Material provided ->
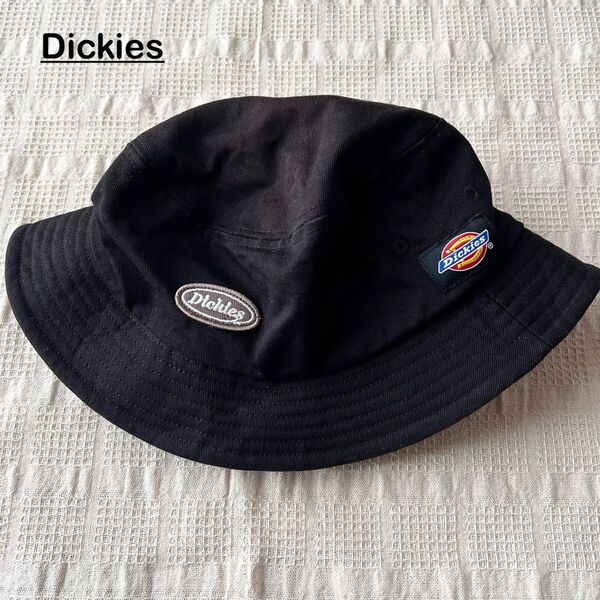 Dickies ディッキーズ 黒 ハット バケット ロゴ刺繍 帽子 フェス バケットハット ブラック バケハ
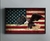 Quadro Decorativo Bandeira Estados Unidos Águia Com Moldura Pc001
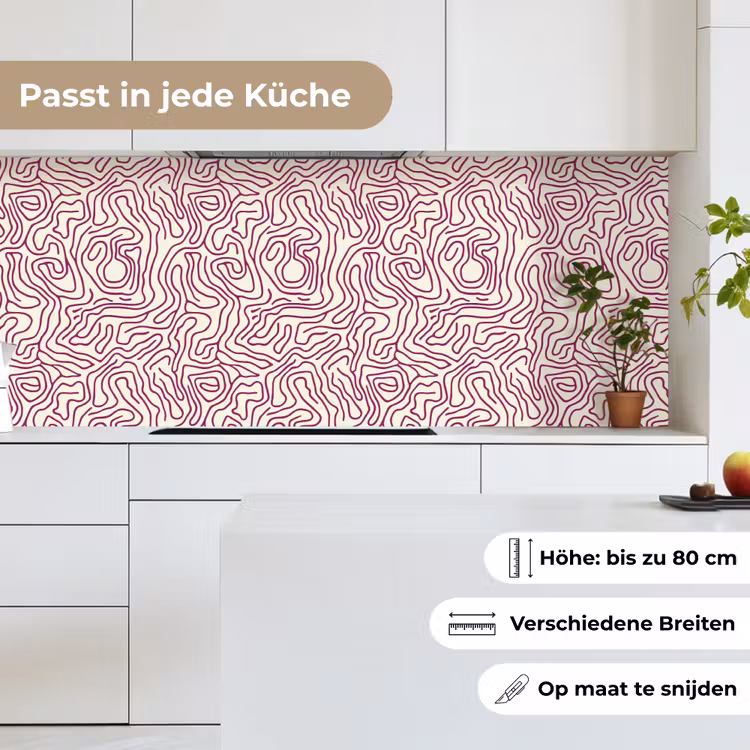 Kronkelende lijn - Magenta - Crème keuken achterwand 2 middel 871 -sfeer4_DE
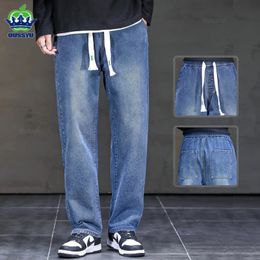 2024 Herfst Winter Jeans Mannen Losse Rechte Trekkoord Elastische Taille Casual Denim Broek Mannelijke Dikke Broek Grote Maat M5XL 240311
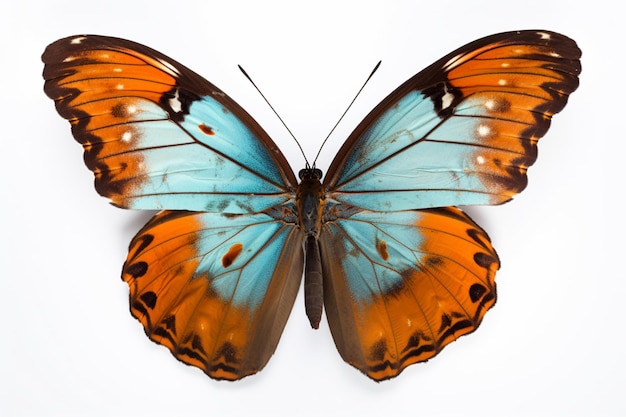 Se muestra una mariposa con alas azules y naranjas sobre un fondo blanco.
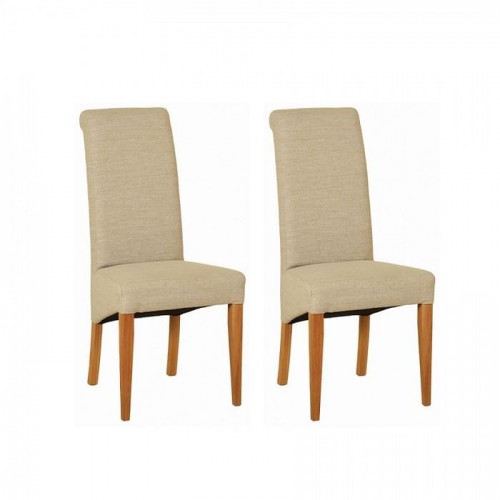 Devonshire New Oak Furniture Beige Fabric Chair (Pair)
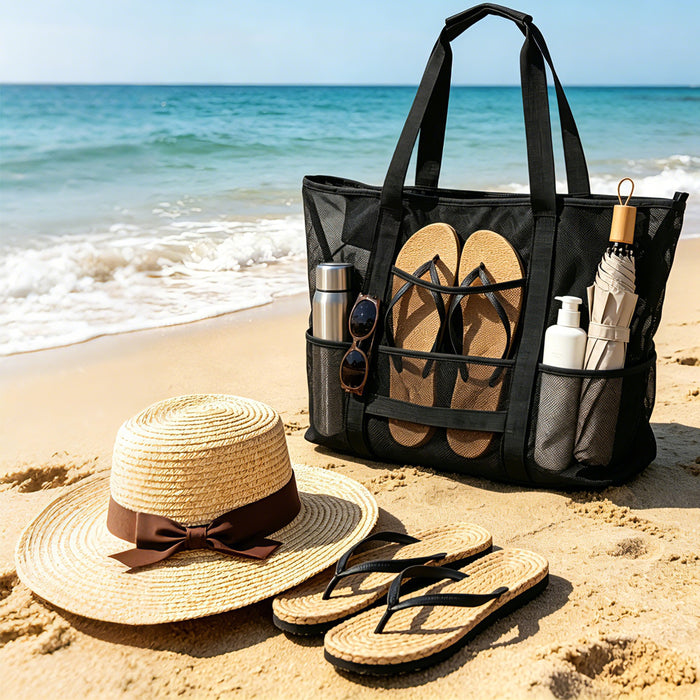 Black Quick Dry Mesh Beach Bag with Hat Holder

---

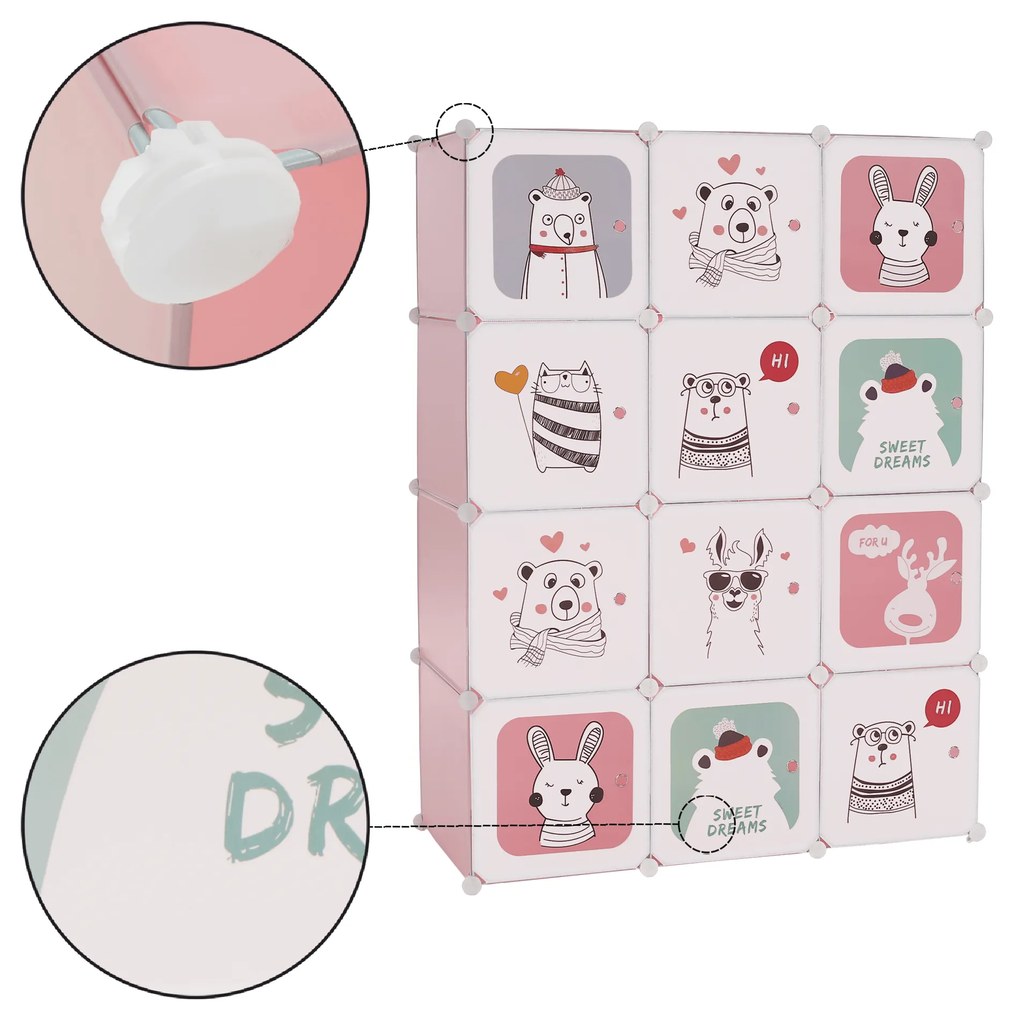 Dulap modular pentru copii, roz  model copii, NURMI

Aim of the task -> Look above for the line with "Quadro Decorativo Bandeira", then print it and each line after it down to and including the line with "Black Quick Dry". Leave out the pictures and keep the wording exact.

Response to this exercise ->
 Quadro Decorativo Bandeira Estados Unidos Águia Com Moldura Pc001
 Kronkelende lijn - Magenta - Crème keuken achterwand 2 middel 871 -sfeer4_DE
 2024 Herfst Winter Jeans Mannen Losse Rechte Trekkoord Elastische Taille Casual Denim Broek Mannelijke Dikke Broek Grote Maat M5XL 240311
 Se muestra una mariposa con alas azules y naranjas sobre un fondo blanco.
 Devonshire New Oak Furniture Beige Fabric Chair (Pair)
 Black Quick Dry Mesh Beach Bag with Hat Holder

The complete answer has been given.